« Le passage de la Mer Rouge »
(162×145 – technique mixte – 1992)
Katherine Théron
Les visiteurs s’entêtent à l’appeler « la crucifiée ». J’hésite même à écrire plutôt « la Crucifiée » avec un C majuscule. Sans doute est-ce en raison de ses deux bras ouverts à la hauteur des épaules. Sans doute aussi l’ébauche d’un poteau vertical en arrière-plan qui déclenche chez le spectateur la vision du symbole de la Croix du Christ, si prégnant depuis vingt siècles dans la culture occidentale chrétienne.
Ensuite vient l’étonnement: pourquoi une femme?

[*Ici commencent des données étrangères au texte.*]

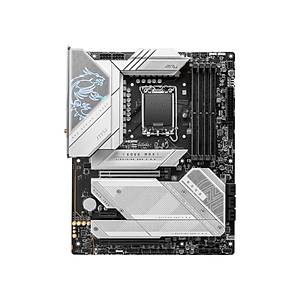 MSI MPG Z790 EDGE TI MAX WIFI SOKET 1700 DDR5 7800MHZ(OC) PCI-E GEN5 M.2 USB3.2�DP HDMI 1X2.5G LAN�WI-FI 7 ATX ANAKART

Les spectateurs sentent que c’est alors une image qui n’entre pas, à juste titre, dans leur iconographie chrétienne habituelle. Le Christ est homme. D’ailleurs on ne crucifiait pas les femmes, on les lapidait. Cela allait plus vite et demandait moins d’investissement. La croix il fallait tailler le bois, assembler les morceaux, la planter et y clouer le lourd corps du criminel… Là, dans cette image, nous avons une femme, nue par surcroît, présentant sa féminité sans ostentation mais sans pruderie non plus, ses deux seins pointant dans la lumière et son triangle pubien plus dissimulé dans l’ombre.
Mais regardez bien, visiteurs! Cette femme n’est pas crucifiée. Elle n’a ni les poignets ni les pieds transpercés, cloués au bois. Ils sont libres de mouvement. Et même à y regarder de plus près, son bras gauche, légèrement plié, se décolle de ce qui pourrait paraître l’arrière-plan, la jambe droite ébauche un mouvement tout de grâce et son pied droit se soulève dans l’amorce d’un pas de danse. Sa tête penchée en avant n’est nullement un geste d’abandon et encore moins de mort. C’est juste un geste de prudence, contrôlé, pour savoir où elle va poser son pied.
Non décidément cette femme n’est pas une crucifiée, en aucune façon, mais une femme bien vivante, qui s’ouvre un passage en avant, écartant d’un geste décidé ce qui pourrait obstruer l’espace qu’elle doit franchir. Elle va de l’avant avec toute sa nudité féminine, non pas provocante mais juste dévoilée. Elle va de l’avant avec prudence, décision et confiance. C’est pourquoi j’ai intitulé ce tableau « Le passage de la Mer Rouge » (beaucoup plus tard, dans les années 2009, car au départ c’était simplement: « la femme en rouge »), un passage de libération, écartant des eaux qui pourraient l’engloutir, pour trouver son identité de femme dans les Rouges de la Vie, que certains verts, turquoises et violets viennent faire vibrer.